Aragon is an autonomous community in Spain, coextensive with the medieval Kingdom of Aragon. Located in northeastern Spain, the Aragonese autonomous community comprises three provinces (from north to south): Huesca, Zaragoza, and Teruel. Its capital is Zaragoza (also called Saragossa in English). The current Statute of Autonomy declares Aragon a nationality of Spain.
Aragon's northern province of Huesca borders France and is positioned in the middle of the Pyrenees. Within Spain, the community is flanked by Catalonia to the east, Valencian Community and Castilla–La Mancha to the south, and Castile and León, La Rioja, and Navarre to the west.

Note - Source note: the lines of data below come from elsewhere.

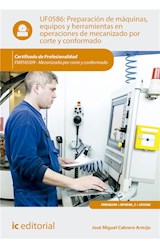  Preparación de máquinas, equipos y herramientas en operaciones de mecanizado por corte y conformado. FMEH0209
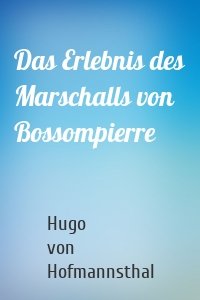 Das Erlebnis des Marschalls von Bossompierre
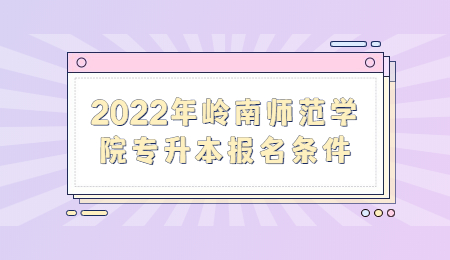2022年岭南师范学院专升本报名条件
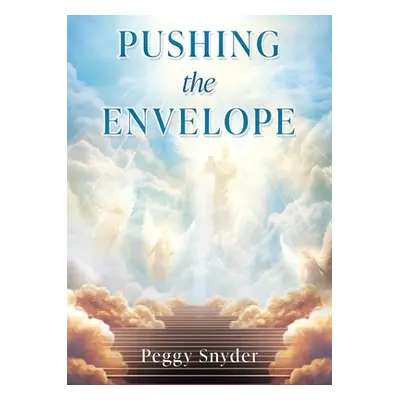 "Pushing the Envelope" - "" ("Snyder Peggy")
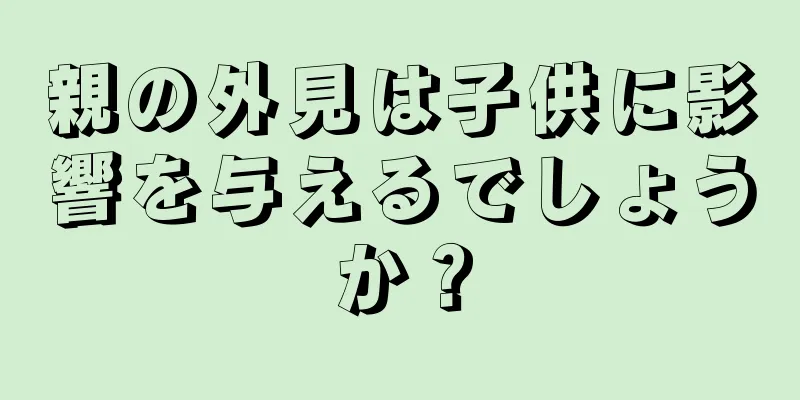 親の外見は子供に影響を与えるでしょうか？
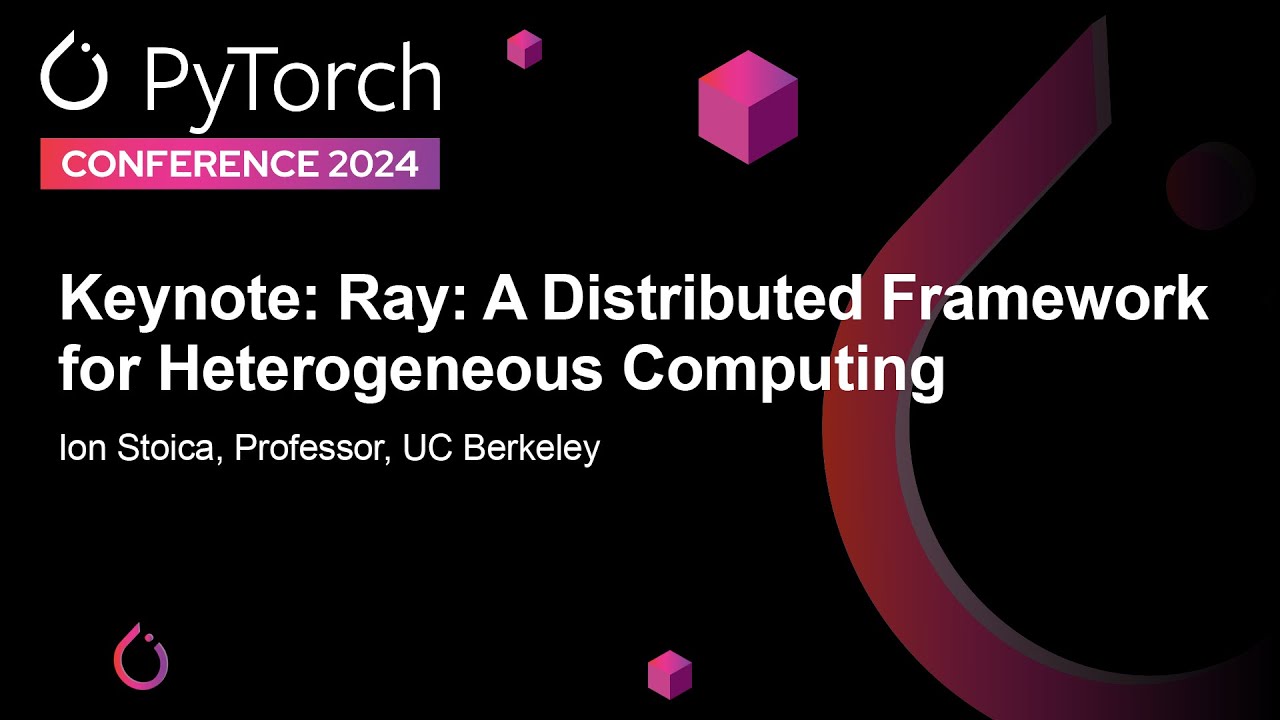 Основной доклад: Ray: распределённая платформа для гетерогенных вычислений — Ион Стойка, Калифорн...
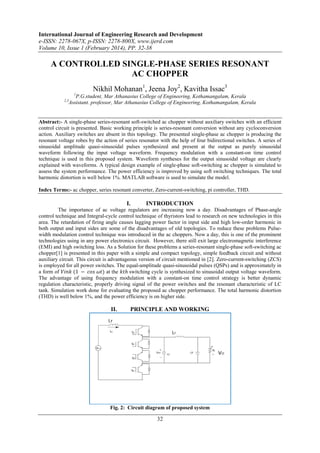 International Journal of Engineering Research and Development
e-ISSN: 2278-067X, p-ISSN: 2278-800X, www.ijerd.com
Volume 10, Issue 1 (February 2014), PP. 32-38
32
A CONTROLLED SINGLE-PHASE SERIES RESONANT
AC CHOPPER
Nikhil Mohanan1
, Jeena Joy2
, Kavitha Issac3
1
P.G.student, Mar Athanasius College of Engineering, Kothamangalam, Kerala
2,3
Assistant. professor, Mar Athanasius College of Engineering, Kothamangalam, Kerala
Abstract:- A single-phase series-resonant soft-switched ac chopper without auxiliary switches with an efficient
control circuit is presented. Basic working principle is series-resonant conversion without any cycloconversion
action. Auxiliary switches are absent in this topology. The presented single-phase ac chopper is producing the
resonant voltage robes by the action of series resonator with the help of four bidirectional switches. A series of
sinusoidal amplitude quasi-sinusoidal pulses synthesized and present at the output as purely sinusoidal
waveform following the input voltage waveform. Frequency modulation with a constant-on time control
technique is used in this proposed system. Waveform syntheses for the output sinusoidal voltage are clearly
explained with waveforms. A typical design example of single-phase soft-switching ac chopper is simulated to
assess the system performance. The power efficiency is improved by using soft switching techniques. The total
harmonic distortion is well below 1%. MATLAB software is used to simulate the model.
Index Terms:- ac chopper, series resonant converter, Zero-current-switching, pi controller, THD.
I. INTRODUCTION
The importance of ac voltage regulators are increasing now a day. Disadvantages of Phase-angle
control technique and Integral-cycle control technique of thyristors lead to research on new technologies in this
area. The retardation of firing angle causes lagging power factor in input side and high low-order harmonic in
both output and input sides are some of the disadvantages of old topologies. To reduce these problems Pulse-
width modulation control technique was introduced in the ac choppers. Now a day, this is one of the prominent
technologies using in any power electronics circuit. However, there still exit large electromagnetic interference
(EMI) and high switching loss. As a Solution for these problems a series-resonant single-phase soft-switching ac
chopper[1] is presented in this paper with a simple and compact topology, simple feedback circuit and without
auxiliary circuit. This circuit is advantageous version of circuit mentioned in [2]. Zero-current-switching (ZCS)
is employed for all power switches. The equal-amplitude quasi-sinusoidal pulses (QSPs) and is approximately in
a form of 𝑉𝑖𝑛𝑘 (1 − 𝑐𝑜𝑠 𝜔𝑡) at the 𝑘𝑡ℎ switching cycle is synthesized to sinusoidal output voltage waveform.
The advantage of using frequency modulation with a constant-on time control strategy is better dynamic
regulation characteristic, properly driving signal of the power switches and the resonant characteristic of LC
tank. Simulation work done for evaluating the proposed ac chopper performance. The total harmonic distortion
(THD) is well below 1%, and the power efficiency is on higher side.
II. PRINCIPLE AND WORKING
Fig. 2: Circuit diagram of proposed system
 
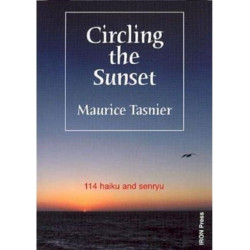 Circling the Sunset: 114 Haiku and Senryu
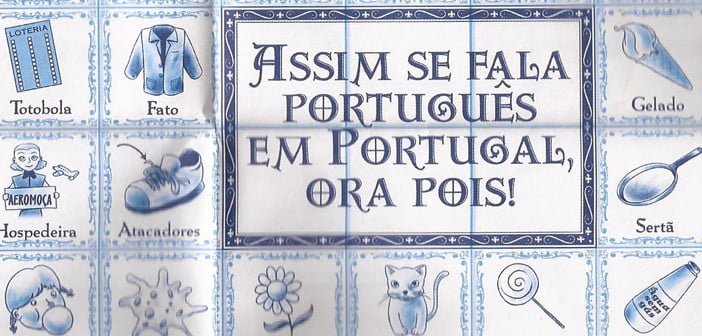 Assim se fala português em Portugal, ora pois!" - Cultuga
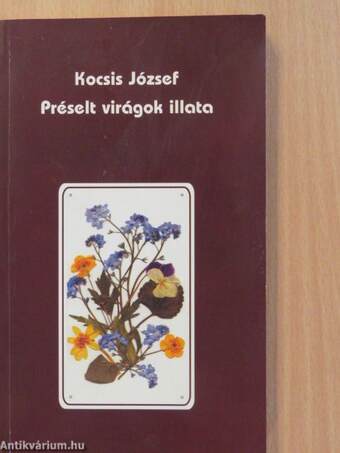 Préselt virágok illata (dedikált példány)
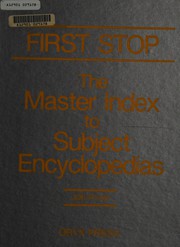 Cover of: First stop: the master index to subject encyclopedias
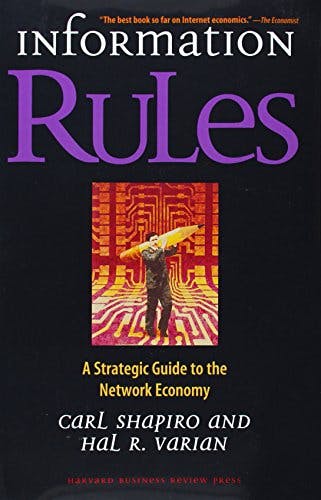 Information Rules: A Strategic Guide to the Network Economy  media 1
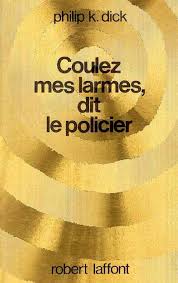 Philip K. Dick - Coulez mes larmes dit le policier - Echoretro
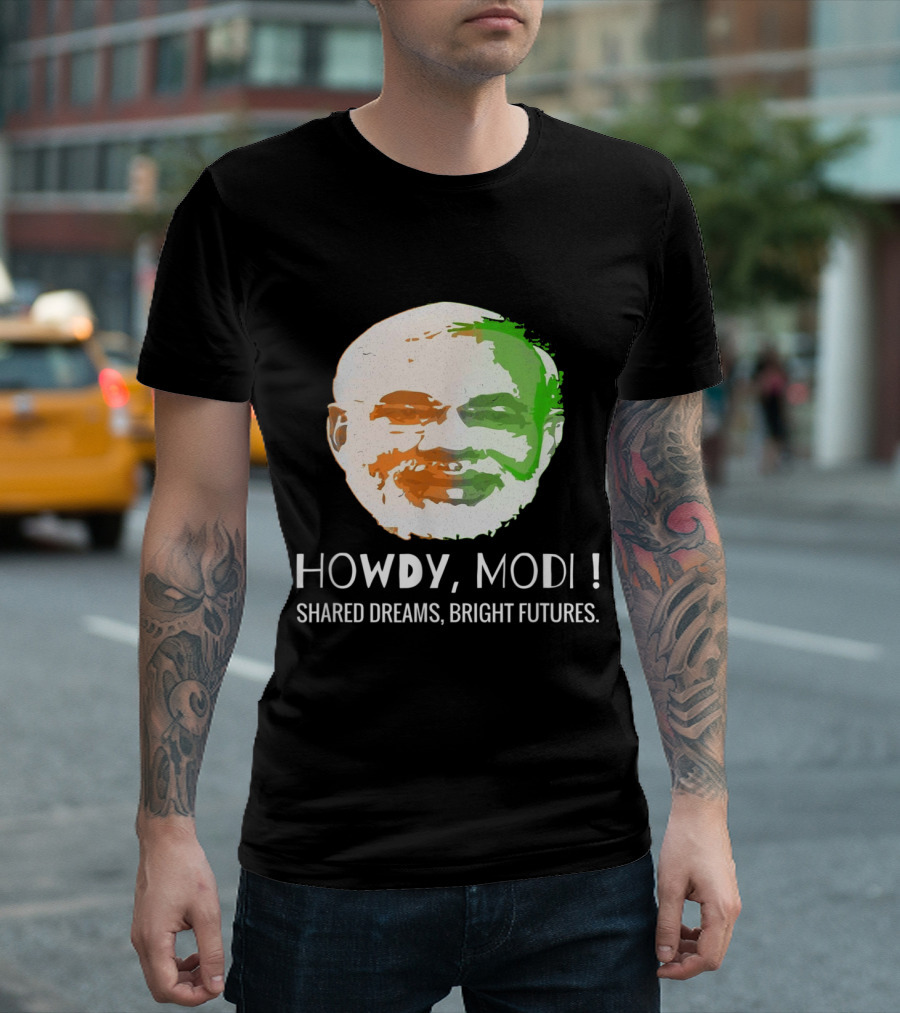 HOWDY MODI SHARED DREAMS BRIGHT FUTURES T-Shirt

Covering an area of 47,719 km2 (18,424 sq mi), the region's terrain ranges diversely from permanent glaciers to verdant valleys, rich pasture lands and orchards, through to the arid steppe plains of the central lowlands. Aragon is home to many rivers—most notably, the river Ebro, Spain's largest river in volume, which runs west-east across the entire region through the province of Zaragoza. It is also home to the Aneto, the highest mountain in the Pyrenees.
As of 2015, the population of Aragon was 1,317,847, with slightly more than half of it living in Zaragoza, its capital city. The economy of Aragon generates (as of 2014) a GDP of €33,162 million which represents 3.13% of Spain's national GDP, and is currently 6th in per capita production behind Madrid, Basque Country, Navarre, Catalonia and La Rioja.
In addition to its three provinces, Aragon is subdivided into 33 comarcas or counties; all with a rich geopolitical and cultural history from its pre-Roman, Celtic and Roman days; and from the four centuries of Islamic period as Marca Superior of Al-Andalus or kingdom (or taifa) of Saraqustah, and as lands that once belonged to the Frankish Marca Hispanica; and counties that later formed the Kingdom of Aragon and eventually the empire or Crown of Aragon.